Economists in the 1960s, whether they were discussing developed or less-developed economies, spoke with a perhaps surprising degree of unity on these matters, but by the mid-1970s this consensus was no longer apparent. The emphasis upon capital intensive projects in stimulating growth in developing countries became the subject of strong criticism, primarily because of the high capital costs per job created. The shortage of available capital, and the increases in the labour force which the areas experienced, meant that labour, rather than capital-intensive methods of production were viewed more favourably. Empirical research also showed that there were considerable opportunities to substitute labour for capital without losses in efficiency. The developments in intermediate technology meant that whilst there were fewer prestige projects, a considerable switching towards labour-intensive production methods took place. This served the dual function of releasing scarce capital and enabling more individuals to be employed whilst maintaining output levels.
Several developed countries also undertook a reappraisal of the role of small enterprises. In particular, Britain and Sweden began to recognise that developments in the world economy in the 1970s had led to a relative increase in the importance of small firms. The increases in oil and associated energy prices meant that capital-intensive (and hence energy-intensive) projects became less attractive. It became less beneficial to concentrate productive capacity at a single plant since the increase in distribution costs more than offset scale economies at the plant level.
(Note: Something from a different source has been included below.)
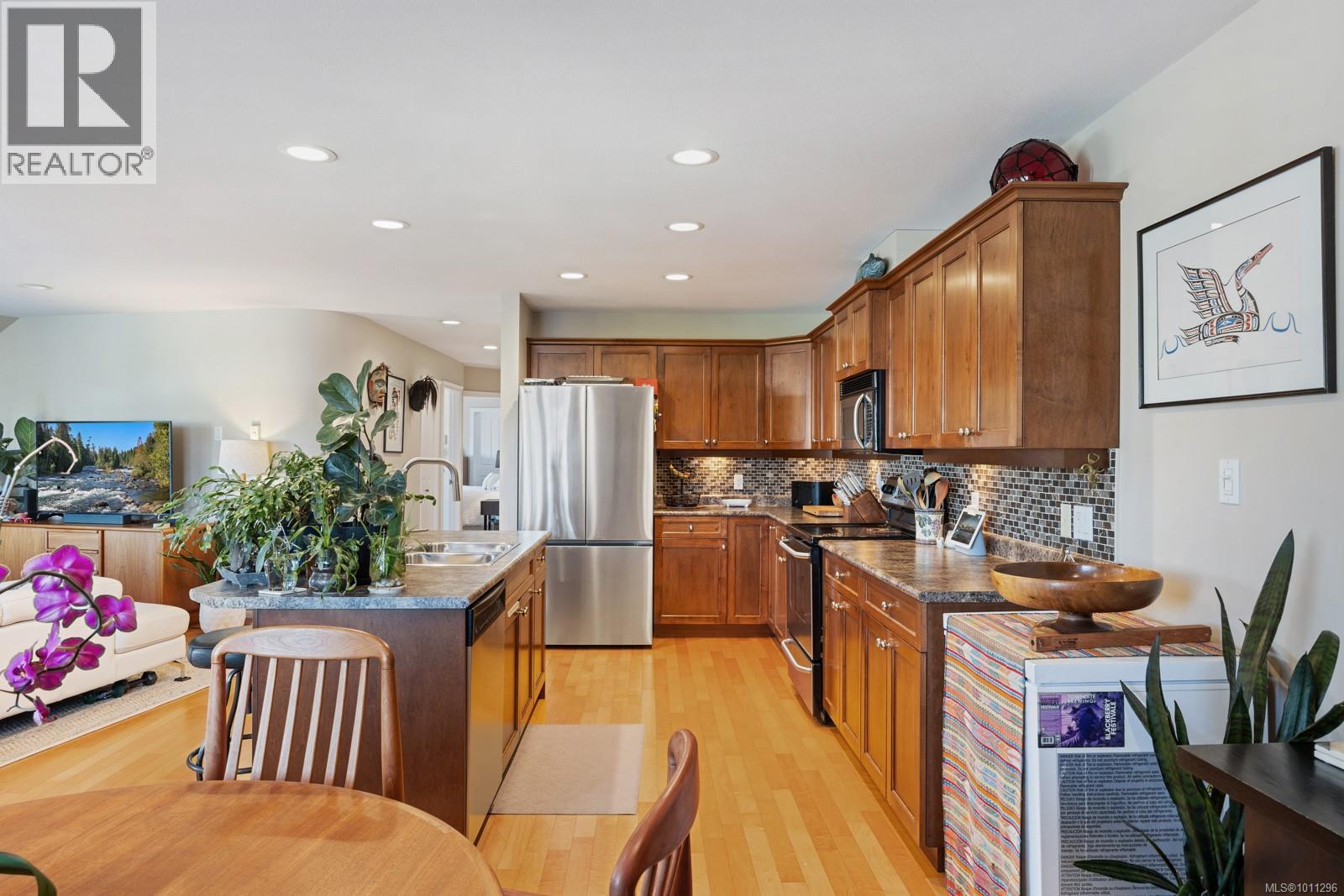 304 1705 Comox Ave, Comox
Increased energy prices also led to a slow-down in world trade and, since large firms were more likely to export than small, they were disproportionately affected by the international recession.
Superimposed upon the recession was the growth to industrial maturity of countries such as South Korea, Hong Kong, Taiwan as well as the continued development of Japan. These countries began to export goods which competed directly with those produced in the large-firm sector of Western Europe and North America. The inroads made into these markets by Taiwanese textiles, Hong Kong electrical goods and South Korean steel products is well documented.